The Human Role in Digital Transformation

Digital Transformation is a phrase that is often misunderstood.  It has been driven by digital technologies such as social media, online applications, mobile devices, cloud computing and A.I. that generate, store and process data, but it is fundamentally about implementing new processes to create, enable, manage

and deliver digital products and services with a continuous and iterative approach to integrating business, operations, and emerging technologies.  That requires organisational change and strong top-down leadership to foster and drive a change in mindsets and therefore involves significant human input.

Successful Digital Transformation can see revenues grow through the creation of new products and increased productivity

Firms that have prospered in their programmes of Digital Transformation have fostered a culture of organisation-wide collaboration between employees and empowered them to be creative whilst failing fast.  Rather than focusing on merely cutting cost, successful Digital Transformation can see revenues grow through the creation of new products and increased productivity.  New skills are required to implement modern processes and transformation programmes that redefine how firms operate.  Firms that are defensive in their business strategy by focusing on cost leadership may actually be better served by directing resources towards building new business models and developing new product lines.

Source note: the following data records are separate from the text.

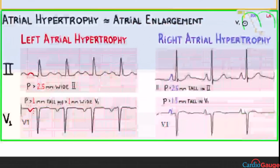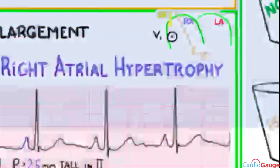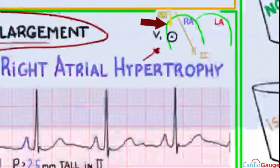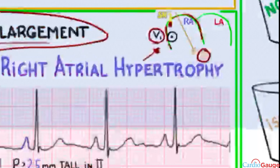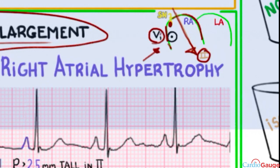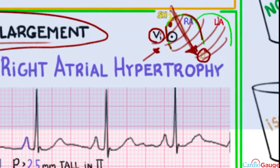Moving on to atrial hypertrophy, which is the same thing as atrial enlargement. The sinus node is at the top right side of the right atrium. The best leads to look at the atria are lead 2 and V1. Lead 2 shows 60 degrees, which is pretty much the whole direction that the atria depolarizes. V1 sits right over the right atrium, and since the sinus node is in the back of the right atrium, depolarization moves toward V1, making it a great lead for atrial depolarization.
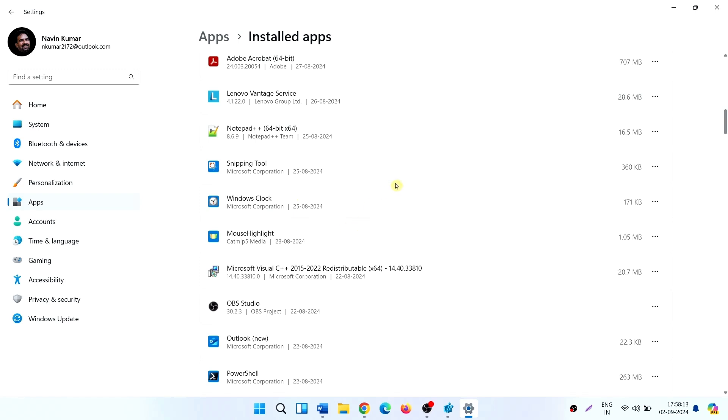Microsoft has released a guide to fix this issue. You can go to it through the link in the description. That's all friends. Thanks for watching.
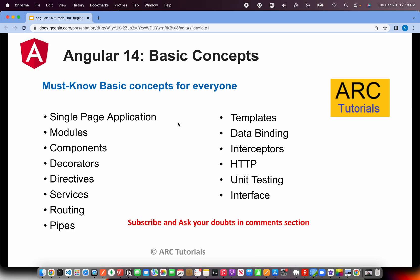Templates are the HTML part of what we see in a view. In templates, we bind data from our component class — that's called data binding. When making API requests and responses, you may want to intercept them to add tokens, check validations, and then make the request — those are interceptors. HTTP is for making network calls, API requests, and responses, including observables. We'll also cover unit testing, which is critical for thoroughly testing any application. Finally, we'll create interfaces and models because Angular is written in TypeScript, requiring strict type definitions.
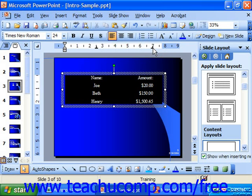Unlike Word, where you can set tabs for each paragraph, in PowerPoint, tabs can only be set once for the whole text box. And so each line within the text box has to have the same tab stops available to it.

Successful Digital Transformation requires a flexible workforce that can switch seamlessly and intuitively between tasks and the combination of the right technologies and well trained human labour is fundamental to that.

Conclusion

Digital Transformation and Artificial Intelligence are two driving forces behind modern business innovation and to be effective they each require the right mix of human and technology input.  Today’s A.I. is regarded as “narrow A.I.” and is built with a singular purpose without the ability to fundamentally change the scope or boundaries of its design.  Artificial General Intelligence, where machine intelligence has full human-like capabilities and can perform any task that a human can do, is still many years away.  Until machines are capable of doing everything that humans do, we will remain as the innovators, policymakers, decision-makers, managers and more.  In 30 years, jobs and firms will look very different from today, and whilst upskilling, retraining and education of workers will be necessary in order to adapt to the change, it is no different to what happened during the first and the second industrial revolutions and is nothing we haven’t seen before.  As John F. Kennedy stated in 1962, “If men have the talent to invent new machines that put men out of work, they have the talent to put those men back to work”.